Exercise aim » Give the listing again word for word. Skip the pictures.

_ _ _ _ _

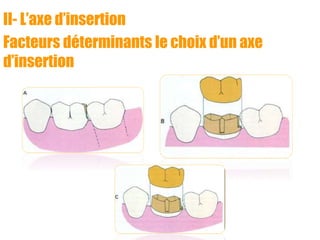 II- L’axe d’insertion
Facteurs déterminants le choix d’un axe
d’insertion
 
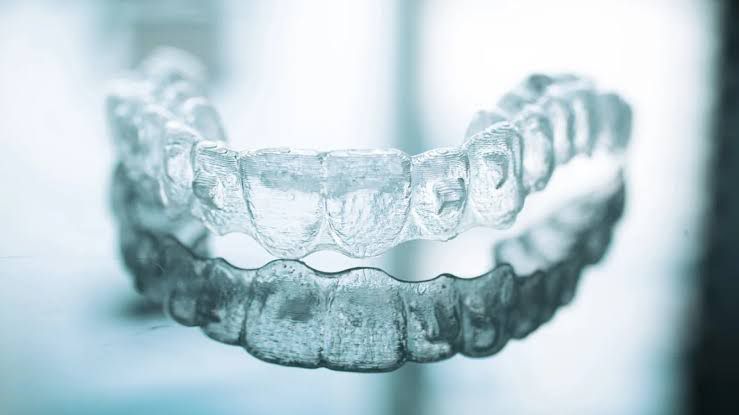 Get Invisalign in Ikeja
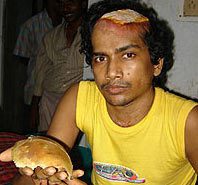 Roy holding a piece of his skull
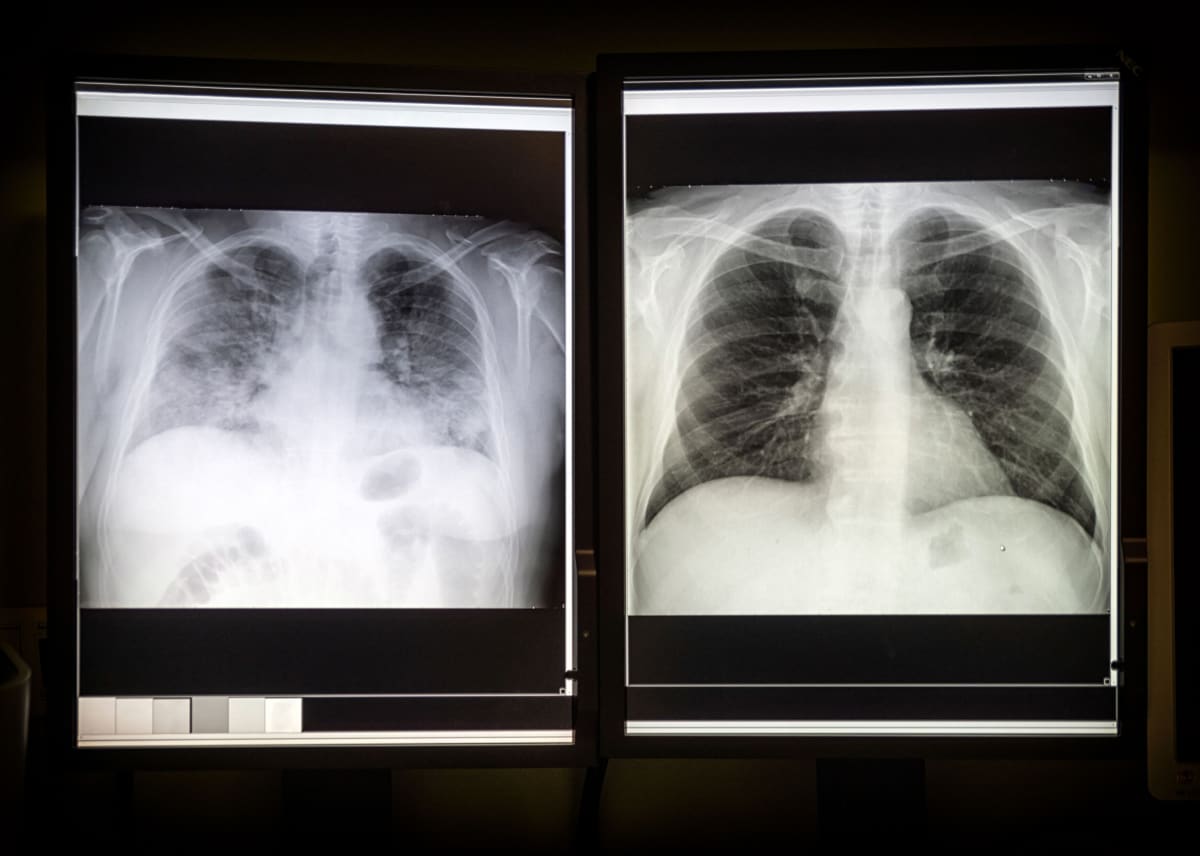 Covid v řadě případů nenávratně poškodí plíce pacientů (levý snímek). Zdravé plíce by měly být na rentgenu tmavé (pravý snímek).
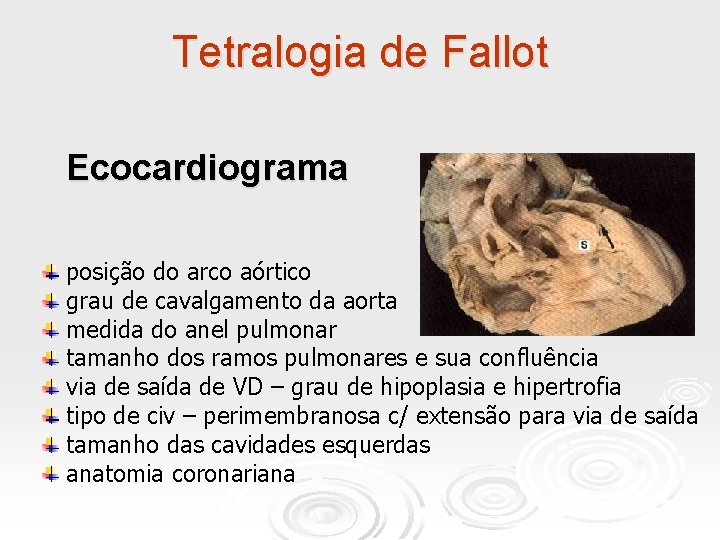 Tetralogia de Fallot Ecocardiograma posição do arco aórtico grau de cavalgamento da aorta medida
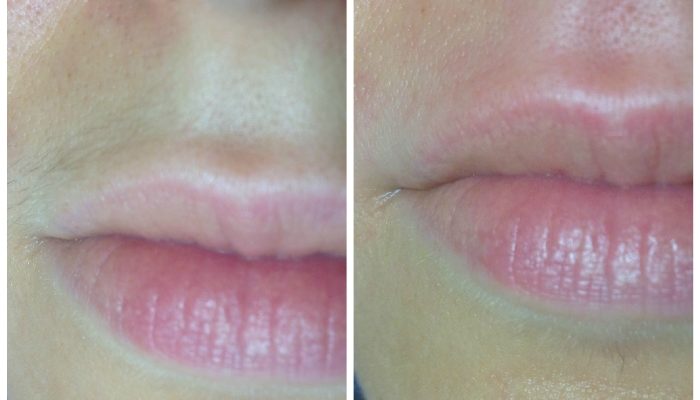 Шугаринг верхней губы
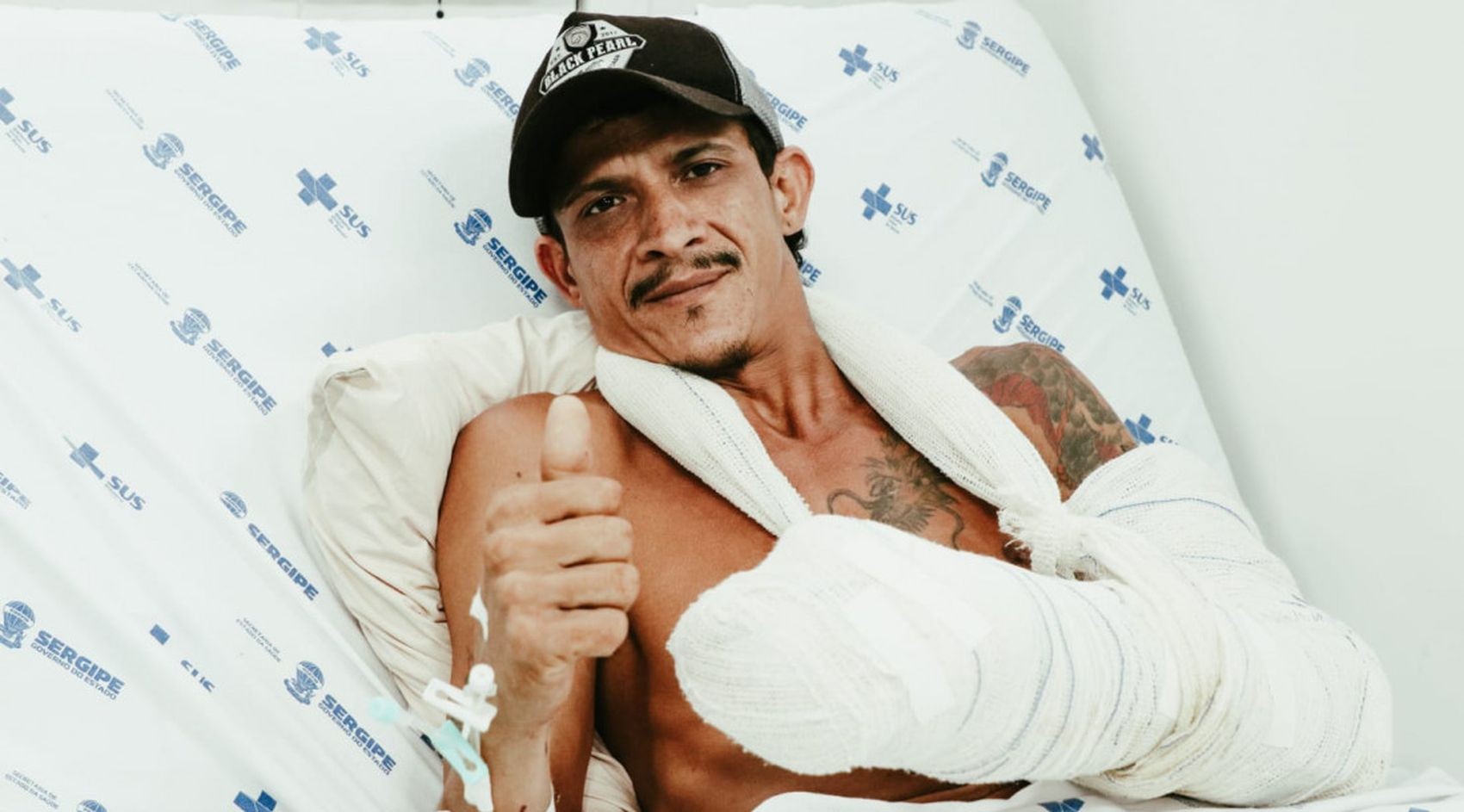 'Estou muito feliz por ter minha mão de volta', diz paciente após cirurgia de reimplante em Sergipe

_ _ _ _ _

Output of the exercise »
 II- L’axe d’insertion
Facteurs déterminants le choix d’un axe
d’insertion
 
 Get Invisalign in Ikeja
 Roy holding a piece of his skull
 Covid v řadě případů nenávratně poškodí plíce pacientů (levý snímek). Zdravé plíce by měly být na rentgenu tmavé (pravý snímek).
 Tetralogia de Fallot Ecocardiograma posição do arco aórtico grau de cavalgamento da aorta medida
 Шугаринг верхней губы
 'Estou muito feliz por ter minha mão de volta', diz paciente após cirurgia de reimplante em Sergipe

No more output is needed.